Good work?
What do we want from work –
and how can we get it?
Professor Jennifer Howard-Grenville
introduces a new partnership between
the University of Cambridge and KPMG
on the Future of Work.
- This five-year Future of Work partnership will explore the trends and global issues affecting the world of work and develop interventions that will make a real difference to people's working lives.
- Starting with mental wellbeing, it will go on to cover a range of issues such as the impact of new technologies, the global distribution of work, and environmental, social and corporate governance (ESG).
- This initiative sits alongside KPMG’s global partnership with Cambridge Judge Business School to develop a bespoke ESG curriculum for all of KPMG's 227,000 staff worldwide.
"You're on mute."
In March 2020, this became an all too familiar refrain as our working lives were turned upside down. Many of us – although by no means all – were suddenly 'working from home', connected to the outside world through our computers.
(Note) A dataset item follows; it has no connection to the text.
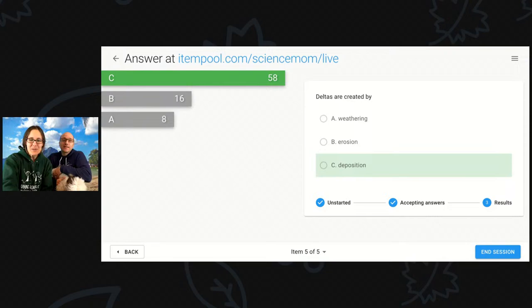The answer is deposition. The sediment is being deposited at the end of the river. You might have heard that the Nile River has a very famous delta — a very fertile area where all that sediment has been deposited from the river.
By and large, we got on with it. There were upsides – and downsides. But, most of all, there were questions. We were collectively re-evaluating our working lives.
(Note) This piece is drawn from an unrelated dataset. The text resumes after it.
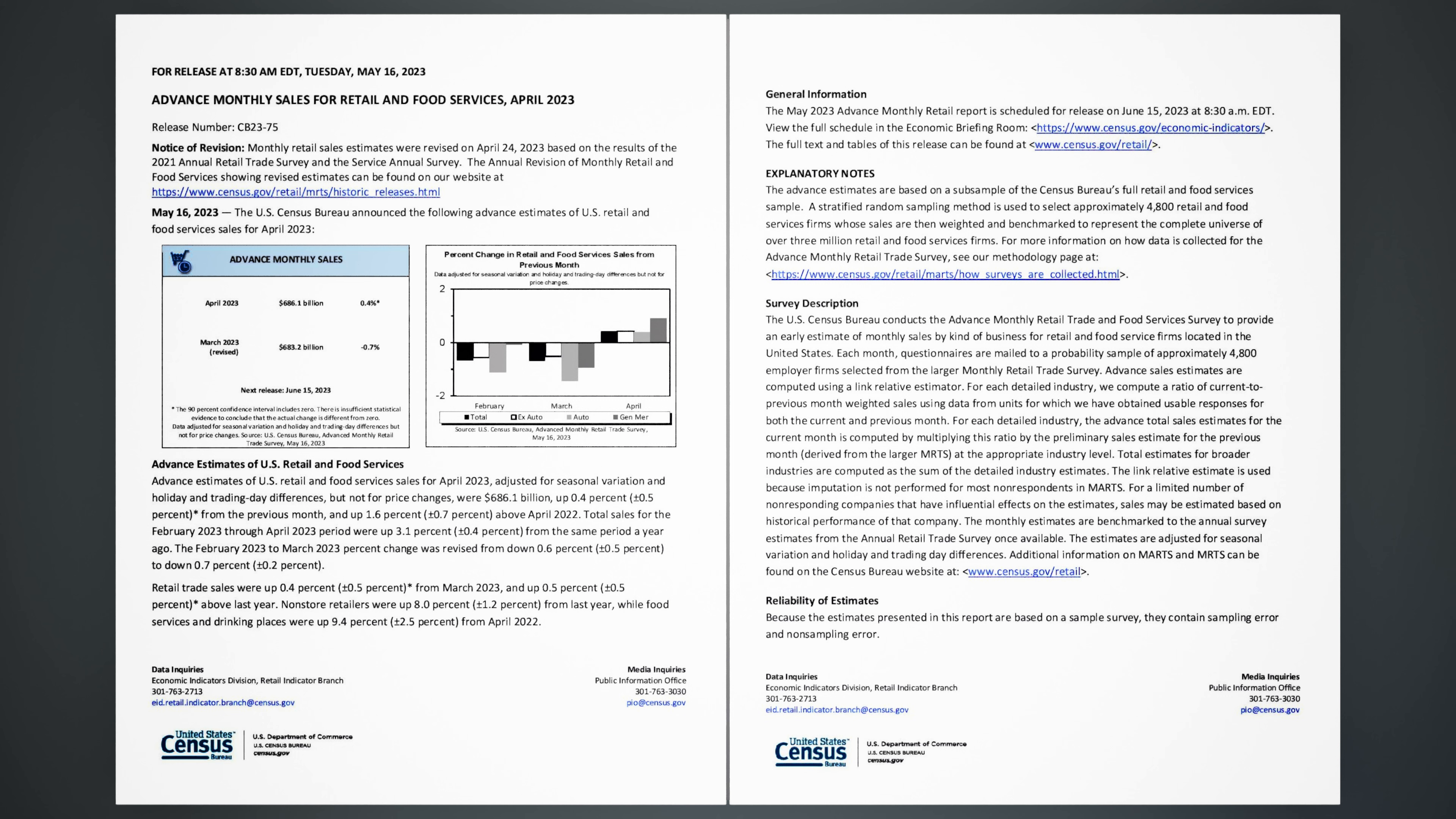Retail trade sales were up 0.4% (±0.5%) from March 2023, and up 0.5% (±0.5%) above last year. Non-store retailers were up 8.0% (±1.2%) from last year, while food services and drinking places were up 9.4% (±2.5%) from April 2022.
Before the pandemic, new trends had already started to emerge. Digital technologies were changing the way we were doing things from buying groceries to calling a cab. Organisations were becoming increasingly conscious of their responsibilities to the planet and to the wellbeing of their staff. Governments were becoming more concerned about growing inequalities between and within countries.
But these changes were incremental. Mostly we carried on behaving in the same way our parents, their parents, and generations before them, have done. We would get up and go to work.
Until the pandemic stopped us. Suddenly, we had an opportunity to take stock, to consider the forces of change already in train and to ask 'Where do we go from here?'
But to do that we need to recognise that we are in a state of transition. We are still tethered to a set of expectations and beliefs about work and life that are no longer fully relevant. At the same time, we are looking towards a more equitable, productive, meaningful, responsible and, dare I say it, more caring future.
The good news about this 'in-between' state is that it is also a space of incredible potential. We can not only dare to imagine – but for the first time in many of our lives – actually create the future we want.
Freed from expectations about, say, face-time at the office, expressing our true selves at work, or what contributes to productivity, we get to rewrite the rules. This once-in-a-generation opportunity cannot be wasted.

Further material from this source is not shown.